It's quieted down since....there's nothing worth stealing, I suppose.
iverglas
(38,549 posts)Back around 1980, Montreal was the "bank robbery capital of the world". More recently, Vancouver has been the "bank robbery capital of North America". It's not someone one thinks of Canada excelling in.
There are some interesting US facts and figures here:
http://www.popcenter.org/problems/robbery_banks/
and they are reflected north of the border in what I have read recently too, especially regarding rising rates of bank robbery in smaller communities.

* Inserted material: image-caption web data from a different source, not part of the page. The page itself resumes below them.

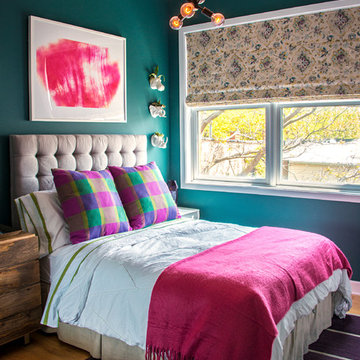 Wicker Park Bedrooms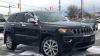 2017 Jeep Grand Cherokee LIMITED**4X4**SUNROOF**NAV**LEATHER**BL $31,225.00+ taxes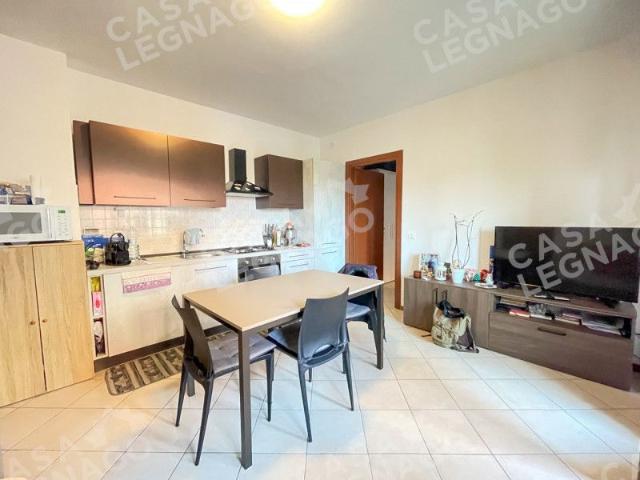 Appartamento in affitto a Legnago, Veneto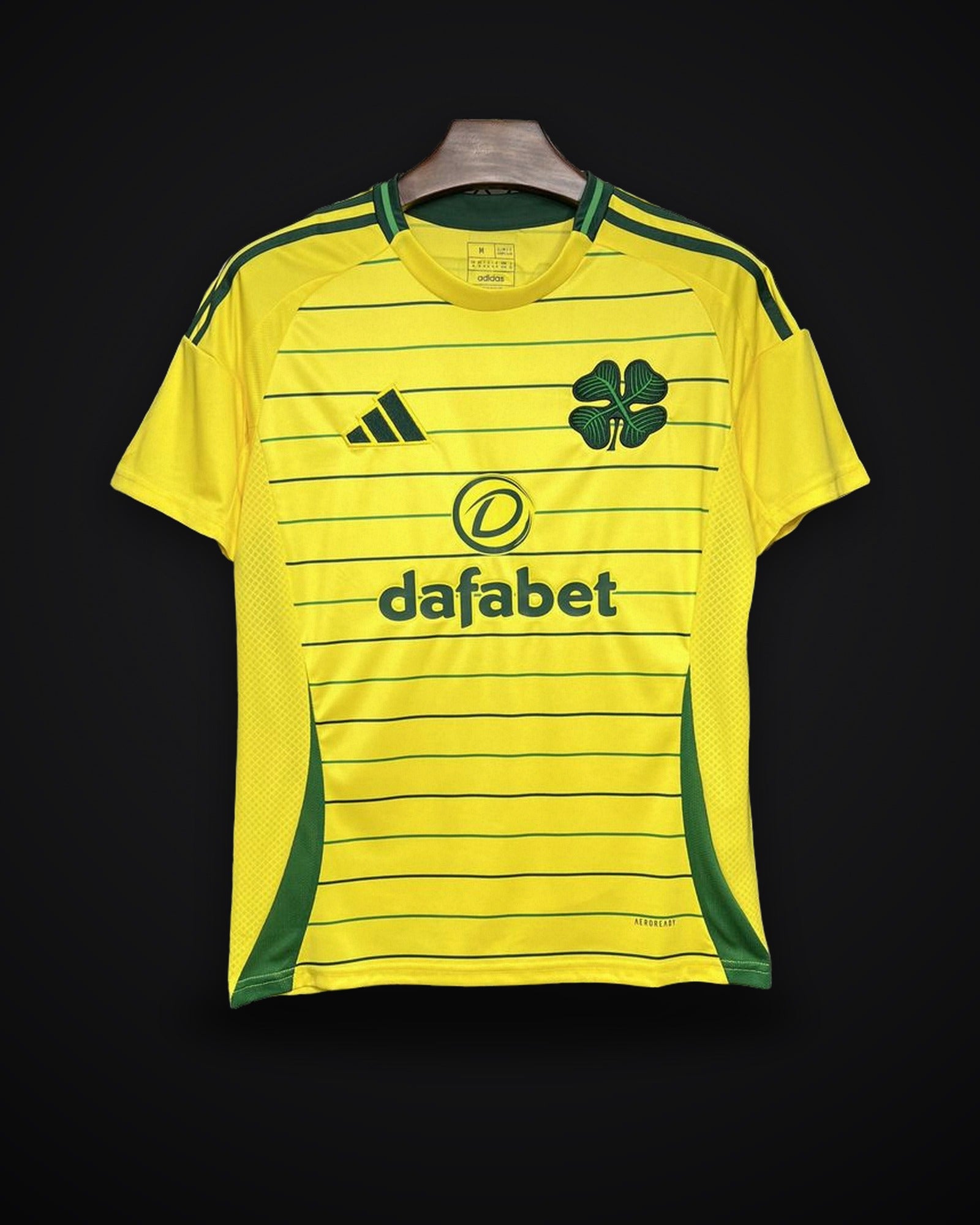 2024/2025 Celtic Away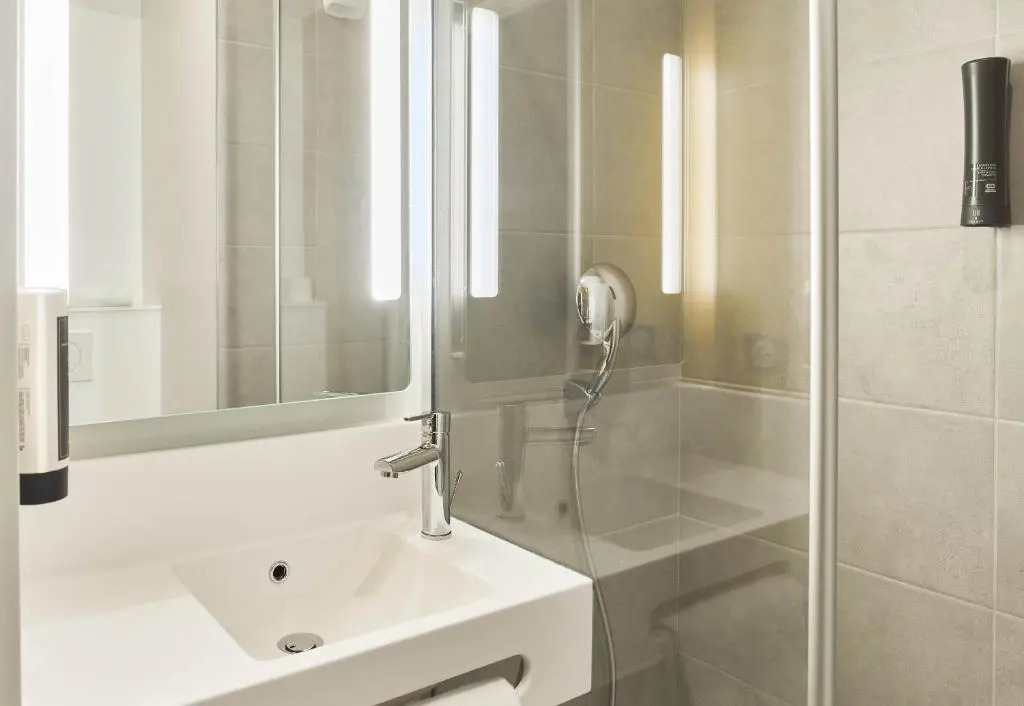 B&B HOTEL Concarneau Keriolet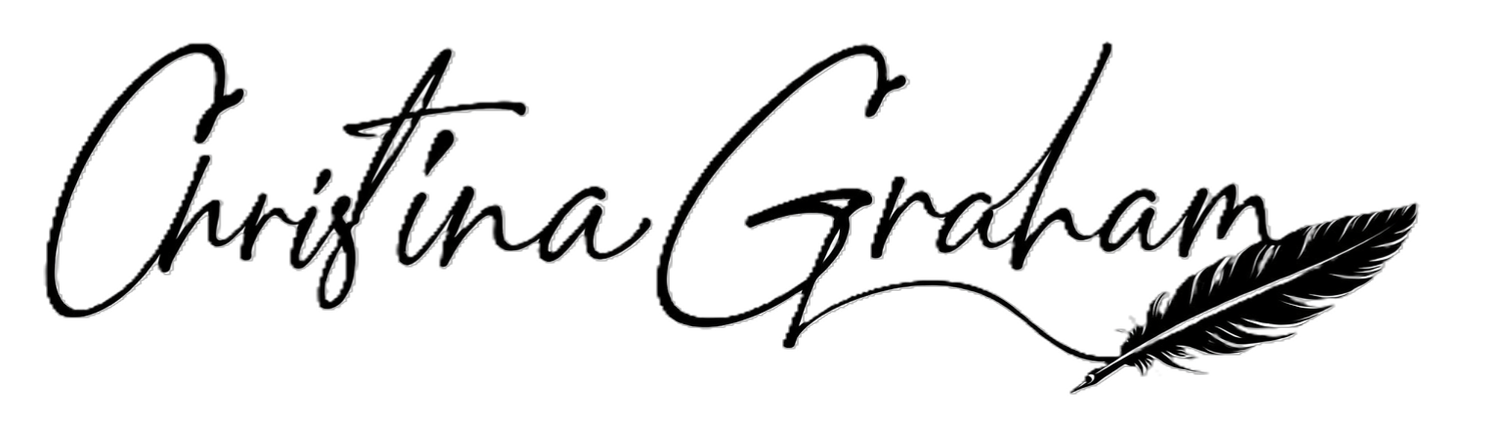Christina Graham Books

... Evidence suggests that urban bank robberies have been somewhat displaced in recent years; the share of bank robberies in small towns increased from 20 percent in 1996 to about 33 percent in 2002. Still, the majority of bank robberies are concentrated in urban areas. Although this concentration is often attributed to the fact that there are more branches in urban areas, the number of robberies is disproportionately higher than the number of branches. In Canada, for example, seven cities have 30 percent of all bank branches but 66 percent of all bank robberies; in the United Kingdom, London has 10 percent of the nations branches but 39 percent of its robberies.
Just as bank robberies are more common in urban areas, bank robberies within a jurisdiction tend to cluster where there are more banks. Branches are often located in groups near retail shopping areas, in commercial districts, and along major transportation corridors. Although individual branches in poorer areas seem to suffer more robberies, this primarily reflects the fact that there are fewer branches in such areas. Bank robberies are actually more numerous in more affluent neighborhoods. In one city, for example, only 3 percent of bank robberies occurred in areas considered as poor.
I meant to make a serious contribution here, but the solution does seem obvious from that: get rid of the banks, get rid of bank robberies.